User-Agent: Mozilla/5.0 (Windows; U; Windows NT 5.1; en-US; rv:1.5) Gecko/20031007 Build Identifier: Mozilla/5.0 (Windows; U; Windows NT 5.1; en-US; rv:1.5) Gecko/20031007 The disk cache seems to only use the sizes of the files stored in the cache in calculating how much space it takes up. It ignores the size of the indices (_CACHE_MAP_ , _CACHE_00[1-3]_) when working out how much space the cache is taking up. This has the effect that a cache limited to a certain size actually takes up more space than the setting browser.cache.disk.capacity is supposed to be limiting it to. (If this behaviour is by design, maybe some UI work would help stop the preferences-->advanced-->cache page implying that the user is being given the opportunity to set the size of the cache on disk.) If the disk cache is on a small partition, it can happen that as well as exceeding the soft limit of browser.cache.disk.capacity, it can fill the partition to capacity, despite browser.cache.disk.capacity being less than the size of the drive. This can cause the partition to run out of space, resulting in pages loaded from the cache being empty or truncated. Reproducible: Always Steps to Reproduce: 1. Set up an 8 MB partition (or ramdisk) 2. Set the cache to 6 MB, and the cache location to the partition, using the cache property panel. 3. Use mozilla for a while, until the cache fille Actual Results: Partition fills past capacity; pages display corrupted, disappear when back button pressed. Shift-reload necessary to make corrupted page display. Expected Results: Partition fills to 6 MB; as indices grow larger, fewer files are stored in cache. Workaround: disable disk cache (browser.cache.disk.enable=false)

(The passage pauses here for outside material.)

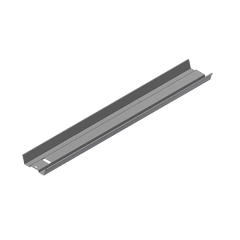 Verzinkte Ballastwanne ValkPro+ L10°/L15° L=2380mm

note that _CACHE_00[1-3]_ files contain also all cached objects <= 16 KB in size
This is an automated message, with ID "auto-resolve01". This bug has had no comments for a long time. Statistically, we have found that bug reports that have not been confirmed by a second user after three months are highly unlikely to be the source of a fix to the code. While your input is very important to us, our resources are limited and so we are asking for your help in focussing our efforts. If you can still reproduce this problem in the latest version of the product (see below for how to obtain a copy) or, for feature requests, if it's not present in the latest version and you still believe we should implement it, please visit the URL of this bug (given at the top of this mail) and add a comment to that effect, giving more reproduction information if you have it. If it is not a problem any longer, you need take no action. If this bug is not changed in any way in the next two weeks, it will be automatically resolved. Thank you for your help in this matter. The latest beta releases can be obtained from: Firefox: http://www.mozilla.org/projects/firefox/ Thunderbird: http://www.mozilla.org/products/thunderbird/releases/1.5beta1.html Seamonkey: http://www.mozilla.org/projects/seamonkey/
Setting disk cache size to 2000 KB and browsing until it's full in Firefox 1.5b2, about cache reports as follows: Disk cache device Number of entries: 186 Maximum storage size: 2000 KiB Storage in use: 1999 KiB Cache Directory: J:\Documents and Settings\lewis\Local Settings\Application Data\Mozilla\Firefox\Profiles\7c0c5mvh.default\Cache DIR, on the other hand, reports 45 File(s) 2,703,816 bytes Which is 2640 KiB . If we exclude the _CACHE files from the calculation, the space taken is under 2000 KiB. Thus, I believe all the original concerns are still valid: 'use up to n MB for cache' still implies that this limits the size of the cache, when it actually doesn't; if browser.cache.disk.capacity were used to notify the browser of the maximum free space available for the the cache to grow to into, the cache would still overflow it. If the user's space usage is limited by capacity or quota, the cache will still experience write errors and corrupt the displayed pages.
(In reply to comment #3) > If the user's space usage is limited by > capacity or quota, the cache will still experience write errors and corrupt the > displayed pages. Write errors ought to not corrupt displayed pages. please file a bug about that.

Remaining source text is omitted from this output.